George Peppard is spot on as the hard-edged Jonas Cord - he was good playing a bastard, was Peppard, who is never considered a big 60s star but still featured in a lot of big hits. (I think he was kind of like Kurt Russell in that way).
Carroll Baker is also very good as his step mother Rita - she is exploited physically to the nth degree, is Baker - the first shot of her has her draped in a towel with a bare back, she has one scene where she dances on a chandelier (bare back again) - but you have to say she suits it, with that wonderfully throaty voice and experienced look (this film revived her career, turning her into a sex symbol - but she kind of was one earlier, even in her earlier films eg Baby Doll and Giant, she always looked as though she knew what she was doing).
Martha Hyer is quite sympathetic (if a bit too visually similar to Baker, which I guess is the point but makes it harder for her to have an impact) as a later love of Cord's - an ex hooker he turns into a star and betrays. (NB this film makes turning people into stars look very easy - Cord does it both with Baker and Hyer. If he'd made one flop it might have been more believable - Howard Hughes did strike gold with Jane Russell and Jean Harlow but don't forget Faith Domerge.)

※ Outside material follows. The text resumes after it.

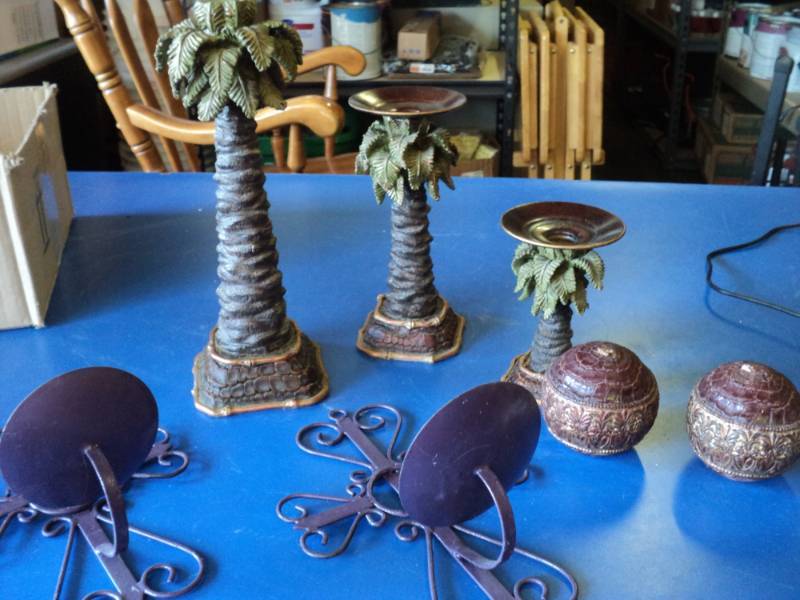 lot 7998 image: (7) ct. mixed lot Candles and candle holders (2) metal wall candle holders, (1) set of (3) Caribbean Theme Candle holders w (2) coconut candles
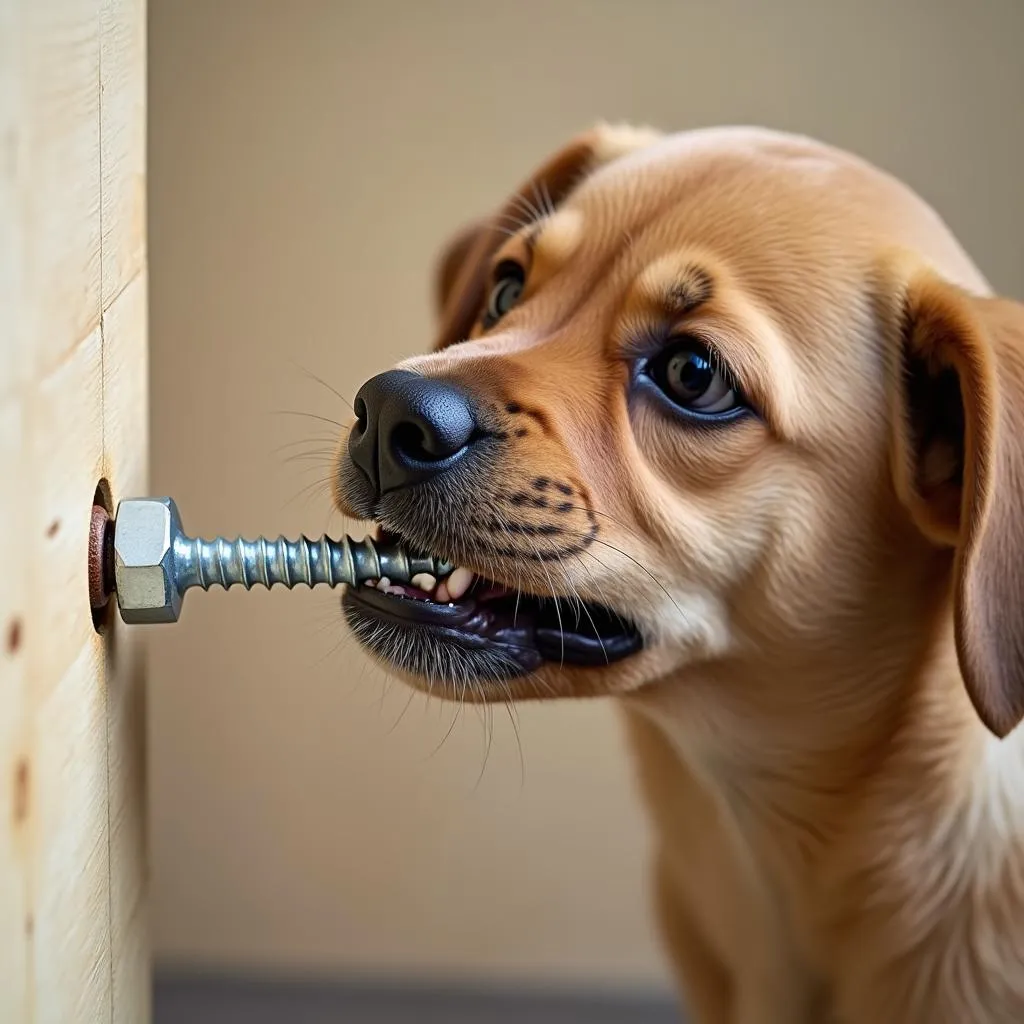 Dog chewing on screw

Alan Ladd makes his final appearance, the first time (apart from cameos) he didn't play the lead ever since This Gun for Hire. He looks awful, bloated and tired, like the aging alcoholic he was - which is OK towards the end of the film when his character is supposed to be an aging alcoholic, but not at the beginning. When Baker takes off his shirt rubs his chest seductively and asks "how old are you, Nevada" and he says 43 and Baker says "you look 30" - he looks as though he's lying (he looks in his fifties) and so is she. I know cowboy actors like William Boyd made it later on in life but they didn't have that tired, washed out look that Ladd has, so you don't believe he's a star either. But as I said later on in the film he is better when he's down on his luck and has been through a bit of a battle - indeed, his scenes with Peppard towards the end are quite touching. (Ladd looked such a wreck towards the end of his life it's a shame he never got the chance to play a role that really exploited it - the way, say, Errol Flynn got to with his drunk parts in the late 50s).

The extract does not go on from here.